Tuesday 7 July 2015

Kamu yang Kupanggil Kamu (4)


Aku menyapamu sekali lagi, Kamu. Mungkin setelah ini akan ada banyak pertanyaan untukku, tentang siapa di balik Kamu. Aku rasa ada alasan mengapa Shakespeare mengatakan apalah arti sebuah nama. Bukankah kerap kita mendengar lirik lagu, bacaan, atau tanda-tanda yang hanya mengarah pada seseorang tanpa benar-benar menyebutkan namanya, kecuali memanggil ‘kamu’? Karenanya, ini sesungguhnya sangat sederhana; teruntuk Kamu. 
Hola, Kamu. Sedang apa kamu sekarang? Biar kutebak, tengah perjalanan pulang, atau sedang sibuk memikirkan rencana yang harus kamu eksekusi dengan baik esok hari. Tapi ini malam sebentar lagi beranjak tua, aku berani bertaruh kamu pasti bersiap tidur dan menghitung domba – aku selalu berharap bisa duduk di tepi tempat tidur dan membuka salah satu buku dongeng koleksiku untuk kubacakan sebelum kamu lelap. Jika kamu masih cukup terjaga untuk tahu aku sedang apa, aku semenjana memutarkan musik dari salah seorang pianis yang pernah kamu hadiahkan lagunya padaku di sebuah malam. Rasanya sudah beratus-ratus malam lewat sejak segalanya baik-baik saja; tanpa aku yang harus bergantung pada berbotol obat, merutuki diri ketika berdiri lima belas menit di hadapan cermin, dan menangis diam-diam di pertengahan malam. Kebanyakan karena aku menemukan pertemuan kita hanya berupa tatap punggung yang saling menjauh, dan bisu yang mengisahkan akhir cerita kita.
Hola sekali lagi, Kamu. Boleh aku bercerita kembali padamu? Sebelumnya maaf karena kamu harus bertemu denganku – si perempuan yang menjajakan cerita-cerita untuk bertahan hidup. Tadi siang, aku bermimpi, itu mimpi yang muram sekaligus manis. Aku jadi seorang putri, ketika banyak pangeran dari berbagai kerajaan datang untuk melawan naga dan meminum ramuan sihir agar kebal dari serangan, hanya untuk memenangkan kontes dan bisa melamarku; tapi ketika salah seorang datang dan semuanya terasa akan berakhir bahagia, kubilang padanya: ‘aku akan mencintaimu, sebagai kakakku, sahabatku, temanku’. Aku menyimpan bentuk cinta yang lain, dan itu adalah untuk Kamu. Karena aku menunggu. Dan, kamu tak perlu takut – khawatir harus segera menjemputku, membalasku, menungguku balik, atau usik-usik lainya – kamu hanya butuh memastikan hari-harimu bahagia.

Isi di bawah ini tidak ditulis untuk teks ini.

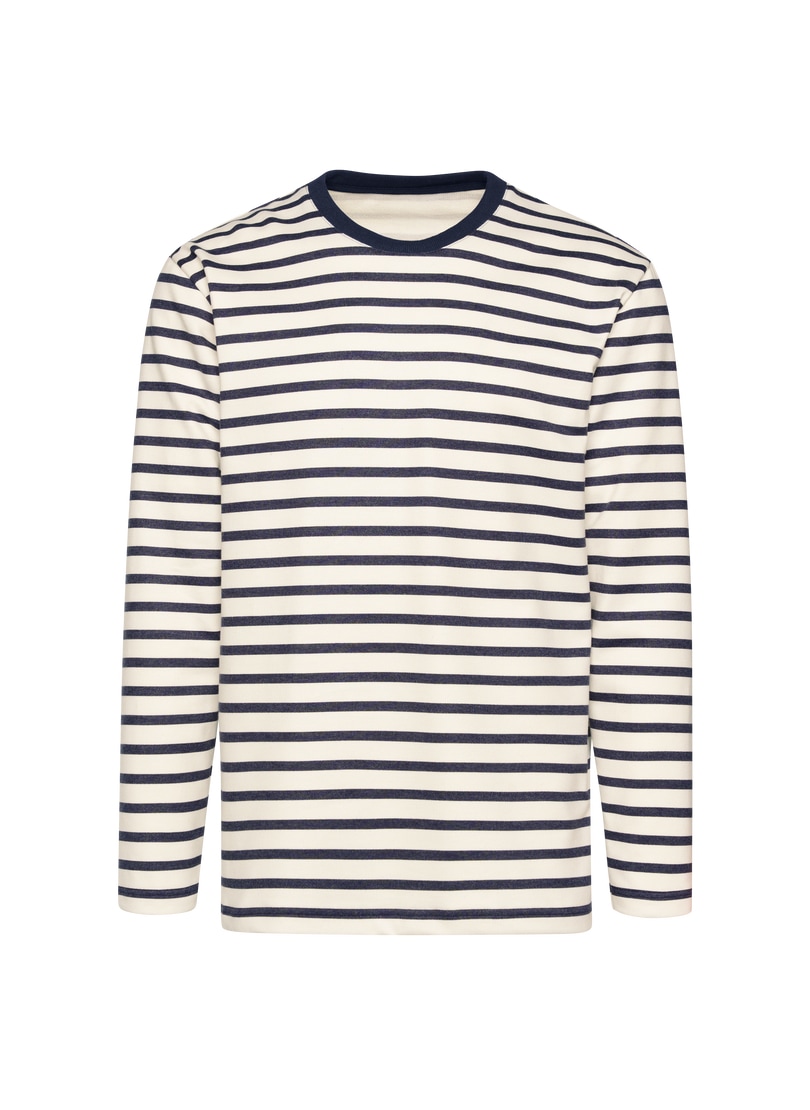 Trigema Sweatshirt »TRIGEMA Sweatshirt mit Ringelmuster«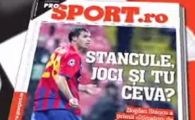 ProSport / Bogdan Stancu poate ajunge la Steaua II, langa Vali Badea!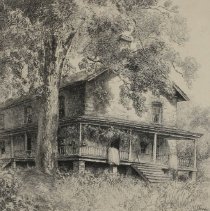 The Rock House near Charlotte, NC by Louis Orr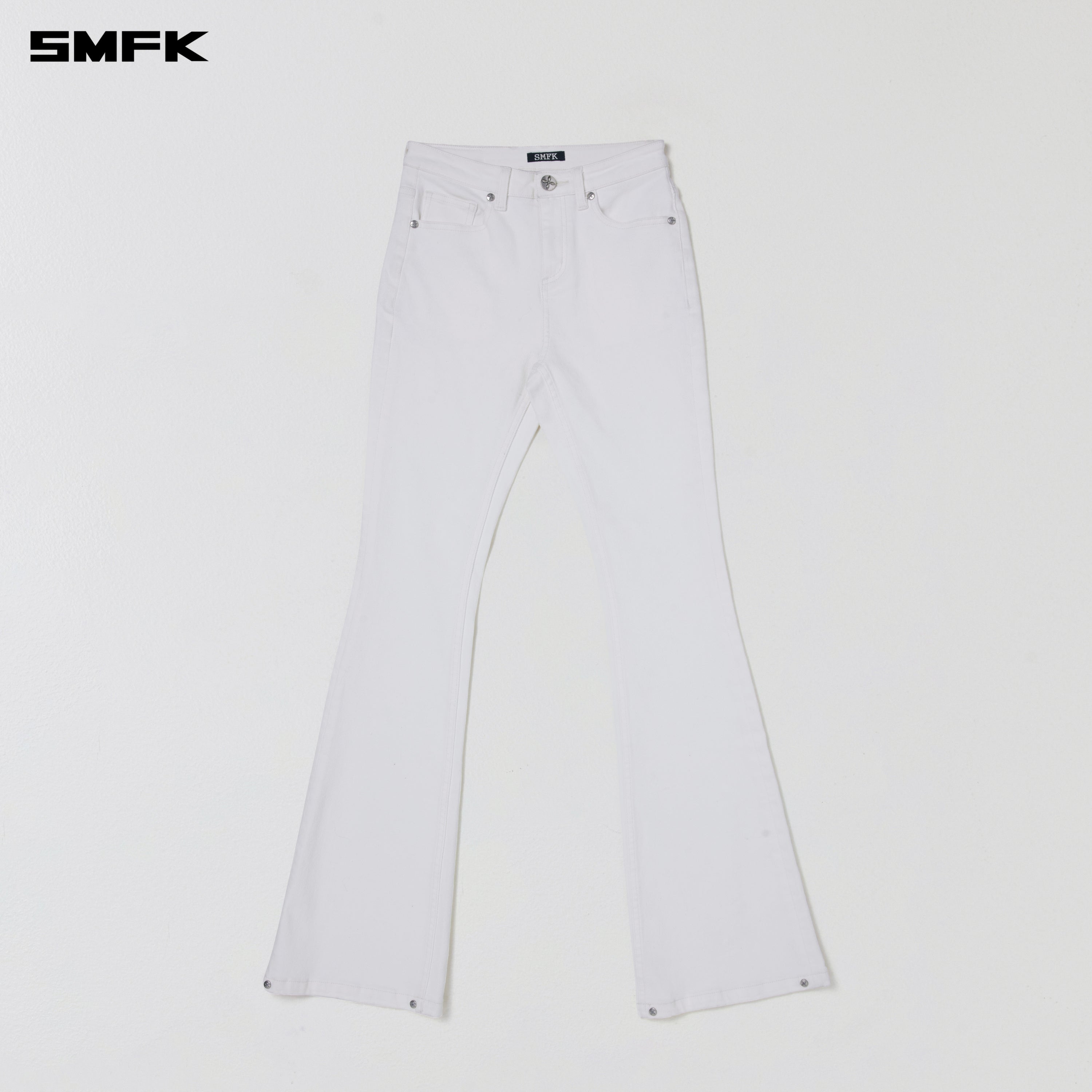 COMPASS STORM DENIM PANTS SNOW MOUNTAIN WHITE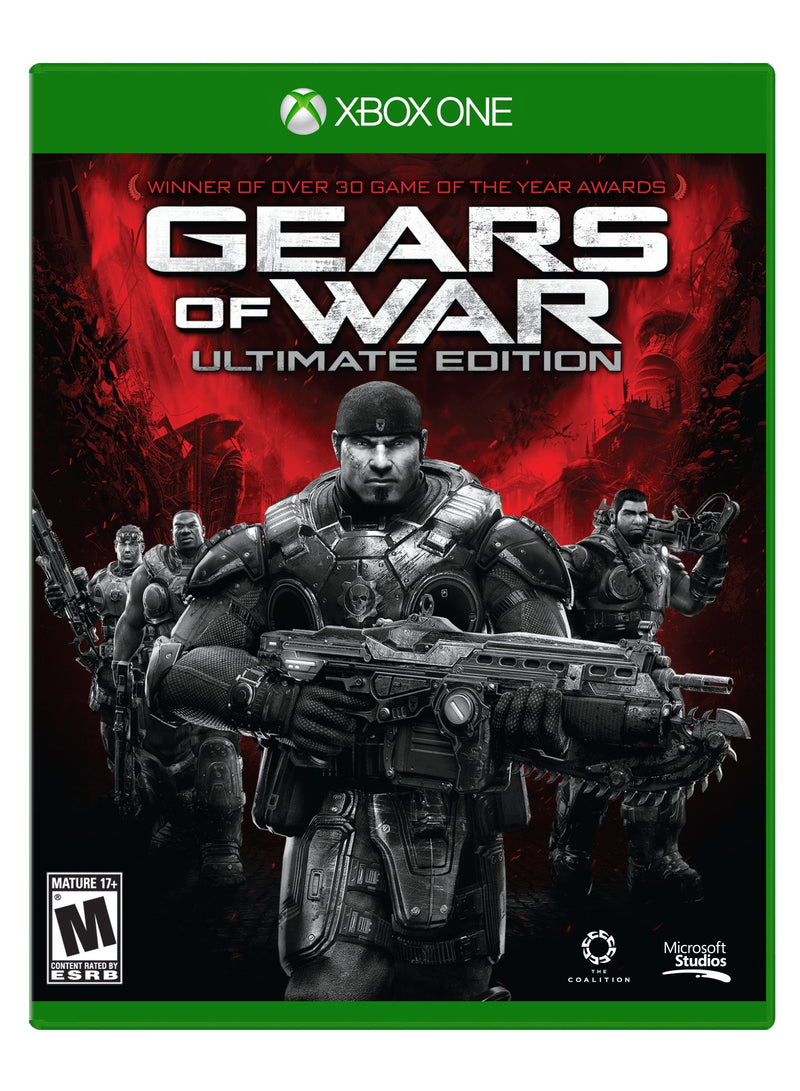 Gears Of War Ultimate Edition Xbox One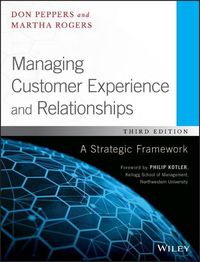 Produktbild: Managing Customer Experience and Relationships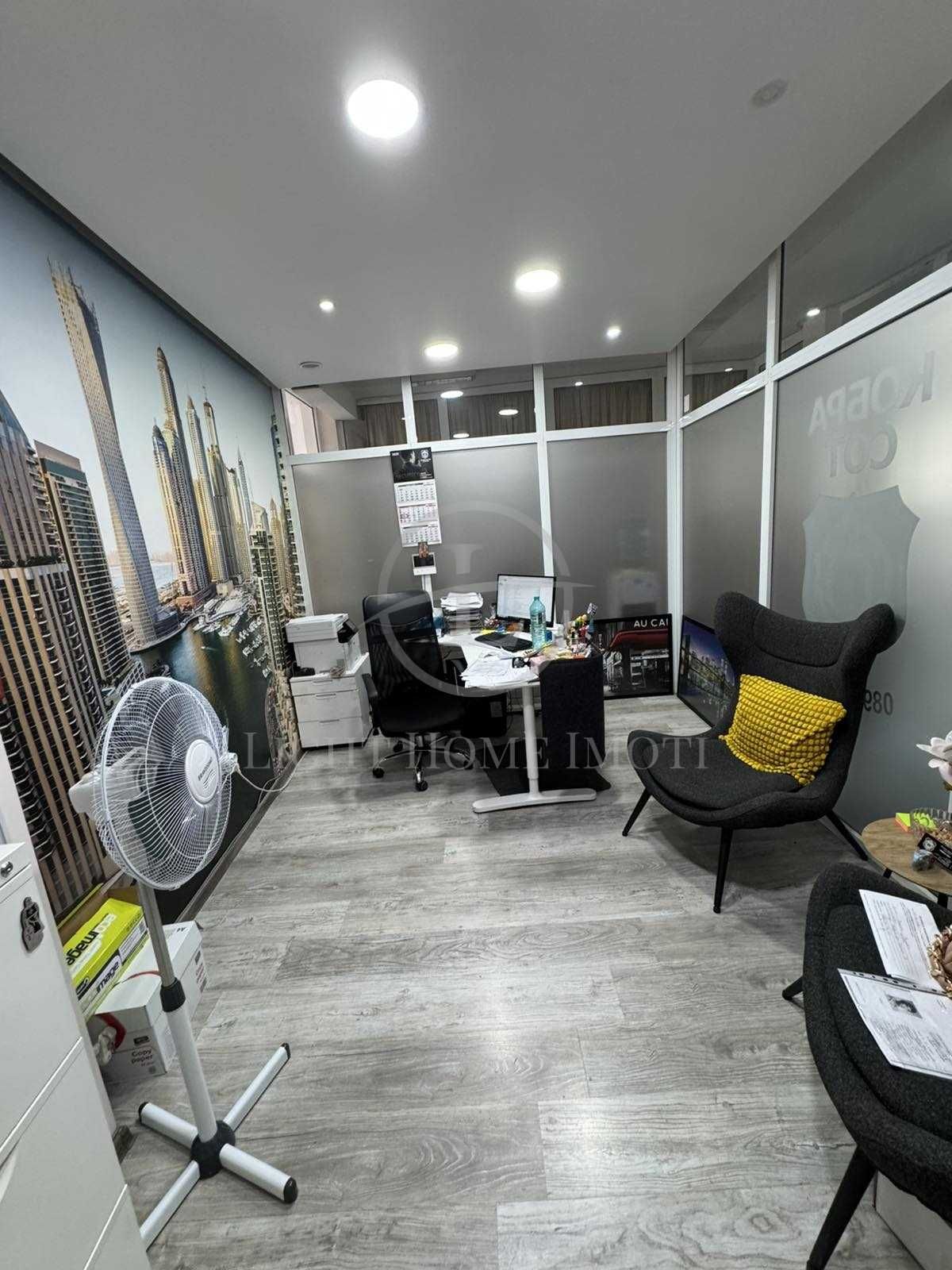Офис в Пловдив, Кючук Париж - 17 кв.м за 1080 €/кв.м - Снимка #1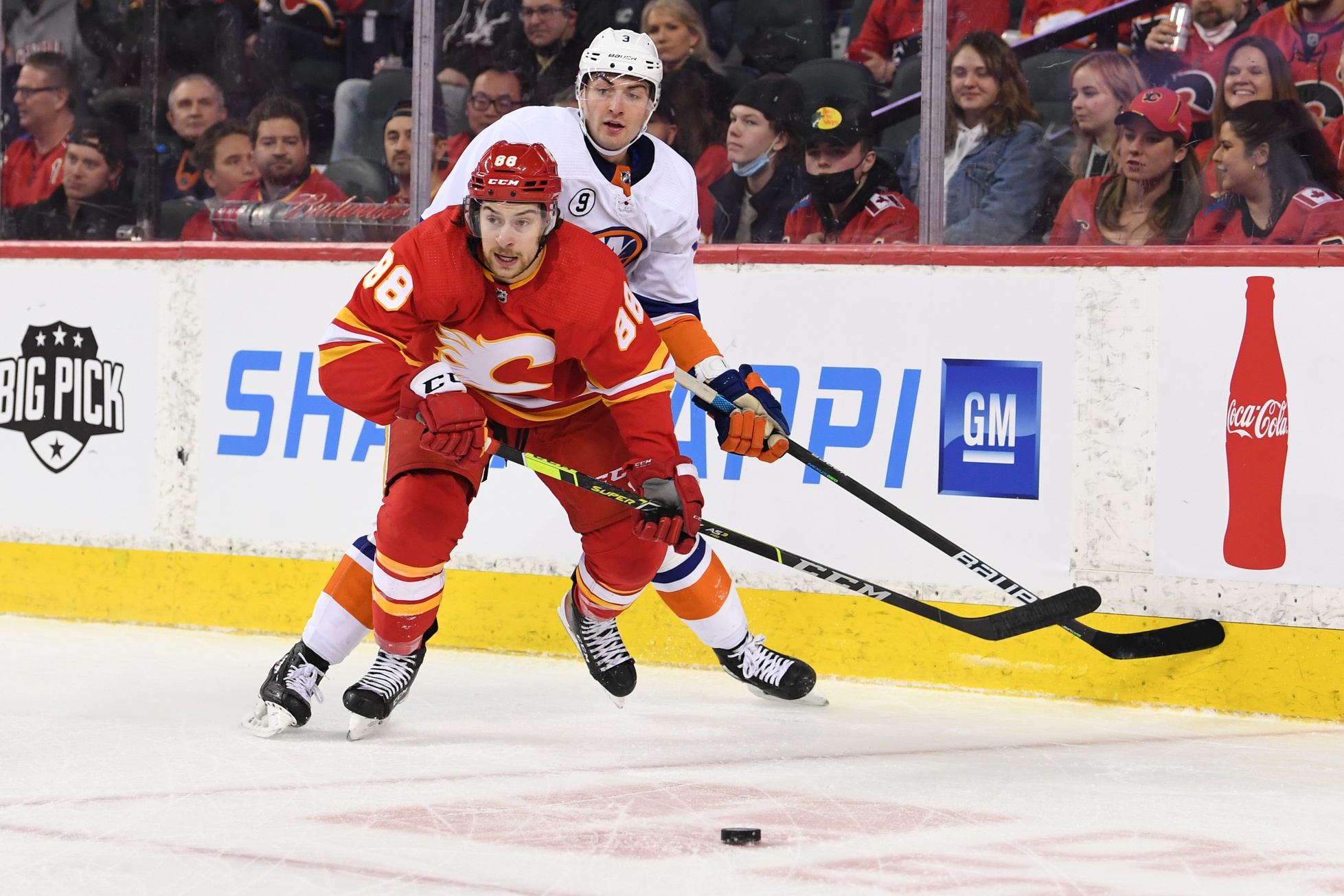 nhl picks Andrew Mangiapane Calgary Flames predictions best bet odds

Hola terakhir kali, Kamu. Beberapa waktu lalu, aku pernah bertanya padamu apa yang menjadi ketakutan terbesarmu? Aku tak memintamu mengingat ulang apa jawabanmu kala itu, aku hanya ingin ikut menjawabnya lewat surat yang sebentar lagi usai ini. Ketakutanku sederhana, jika itu menyangkut Kamu, kira-kira seperti ini; aku tak menemukanmu duduk di ruang kerjamu pada temu singkat yang ada, aku bangun di pagi hari dengan senyum kecil dan tak pernah tahu apakah kamu juga tengah bahagia pagi itu, kamu tengah lelah dan aku tak pernah punya kesempatan untuk sekadar bilang rihat sejenak, tak tahu cara menerbitkan senyum kecil di sepotong bibirmu, dan mengetahui mungkin saja aku menjadi beban lain untukmu.
Kamu. Pernah kamu terpikir jika Fur Elise ditulis Beethoven untuk seorang kekasih yang menjelma menjadi nada-nada luka untuknya? Atau rapuhnya Moonlight Sonata mencerminkan bagaimana cinta dan luka berteman akrab hingga kata tak mampu melukisnya, lantas meminjam tangga-tangga nada? Atau kesedihan-kesedihan Chopin? Mengerikannya akhir dari kisah-kisah Shakespeare? Terkadang kita membaca luka dengan cara lain; mencintai. Selamat beristirahat, dan semoga hari-harimu berjalan dalam damai.
Dari seorang perempuan yang berupaya menghidupkan kenangan di tiap temu singkat kita.